Despite these grim impacts on our climate and nature, governments give transport and fossil fuel industries financial and policy privileges to help them make huge profits at the expense of people. Meanwhile, these companies are betting mainly on false solutions like carbon offsetting or ramping up the production of agro-fuels which are largely fuelling deforestation, biodiversity loss, environmental destruction and human rights abuses.

Energy crisis

Everyone is talking about the need to save energy because of skyrocketing energy costs in recent months and the threat of shortages. But why are most governments shying away from touching transport? No other sector in Europe consumes more energy than transport.
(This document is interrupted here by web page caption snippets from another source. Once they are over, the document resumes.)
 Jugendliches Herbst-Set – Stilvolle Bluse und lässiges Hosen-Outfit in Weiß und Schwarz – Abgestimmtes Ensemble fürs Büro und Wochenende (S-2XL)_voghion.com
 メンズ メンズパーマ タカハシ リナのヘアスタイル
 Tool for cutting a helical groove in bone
Despite a bid to wean Europe off Russian oil, which makes up about a quarter of the EU’s oil consumption, governments have introduced no energy cuts for transport. Instead they still allow tax benefits and subsidies for ultra energy-intensive private jets and short-haul flights, and are busy looking for new oil suppliers with questionable human rights records to plug the gap, sparking a new global race to reactivate oil drilling fields and the sale of new extraction licenses, as recently announced by the Democratic Republic of Congo.

While people and the planet pay the price for transport’s oil-addiction, the fossil fuel industry has jumped on the opportunity to reel in billions of record excess profits from selling their dirty products, and to expand their false solutions and greenwashing, such as new oil extraction, switching gas for oil and coal, or alternative fuels which are extending the destruction of our planet and natural world.
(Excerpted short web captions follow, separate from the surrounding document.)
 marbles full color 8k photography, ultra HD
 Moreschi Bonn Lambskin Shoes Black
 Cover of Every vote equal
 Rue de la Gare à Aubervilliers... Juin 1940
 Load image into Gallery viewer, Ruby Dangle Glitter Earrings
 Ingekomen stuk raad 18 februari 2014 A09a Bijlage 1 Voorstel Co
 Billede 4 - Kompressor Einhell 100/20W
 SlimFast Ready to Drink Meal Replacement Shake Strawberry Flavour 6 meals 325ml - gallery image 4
Inequality & the cost-of-living crisis

Along with energy, prices for almost everything have gone up, from food to housing, threatening livelihoods and pushing household finances to the brink. With transport and mobility constituting the second largest expense for European households, increased spending on mobility needs greatly diminishes the resources of European households available for non-energy related spending.
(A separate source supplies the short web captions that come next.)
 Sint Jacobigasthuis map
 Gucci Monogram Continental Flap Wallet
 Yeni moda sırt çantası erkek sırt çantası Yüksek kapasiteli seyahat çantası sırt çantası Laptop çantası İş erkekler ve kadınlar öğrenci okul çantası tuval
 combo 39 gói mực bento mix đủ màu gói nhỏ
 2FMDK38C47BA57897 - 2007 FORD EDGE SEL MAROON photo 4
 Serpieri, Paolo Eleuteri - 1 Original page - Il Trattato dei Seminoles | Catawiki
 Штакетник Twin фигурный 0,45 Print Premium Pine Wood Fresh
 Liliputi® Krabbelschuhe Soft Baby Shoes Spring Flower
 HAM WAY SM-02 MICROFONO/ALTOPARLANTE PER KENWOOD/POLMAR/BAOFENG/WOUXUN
In regions which lack accessible and affordable public transport, where people are forced to own a car, rising mobility costs mean that everyday needs and full participation in society are no longer affordable for low-income households.

Urban Mobility Action in Rome. © Francesco Alesi / Greenpeace
Greenpeace Italy activists transform a busy road in Rome into a bike lane for everyone, demanding sustainable mobility solutions and cities made for people, not cars. © Francesco Alesi / Greenpeace

War and conflict

Peaceful Action Confronting Russian Oil Transportation in Denmark.
Greenpeace activists from Denmark, Sweden, Norway, Finland and Russia are blockading a transshipment of Russian oil at sea in northern Denmark. Greenpeace calls for global divestment and phase out of fossil fuels and an embargo of Russian fossil fuels to stop the funding of the war.

Our transport system is rooted in fossil fuels that have a history of driving war and conflicts. The war in Ukraine has tragically reminded us that addiction to dirty fossil fuels is leading to deaths and unimaginable suffering across the globe.

Oil exports are Russia’s biggest source of income and are funding Putin’s war chest. While Europe has imposed a partial embargo on Russian oil, this embargo came too late, allowing Russia to find new buyers. Despite the phase-out of Russian oil, Europe is still spending around 825 million euros a day importing oil from conflict-ridden countries with questionable human-rights records for its transport.

Now what? Let’s lay down the tracks for a just, sustainable mobility system

There’s no doubt that our fossil fuel-addicted transport system is deeply entangled with the many crises we’re facing. But we can use it to address them and kickstart the transformation to a just, sustainable and peaceful future.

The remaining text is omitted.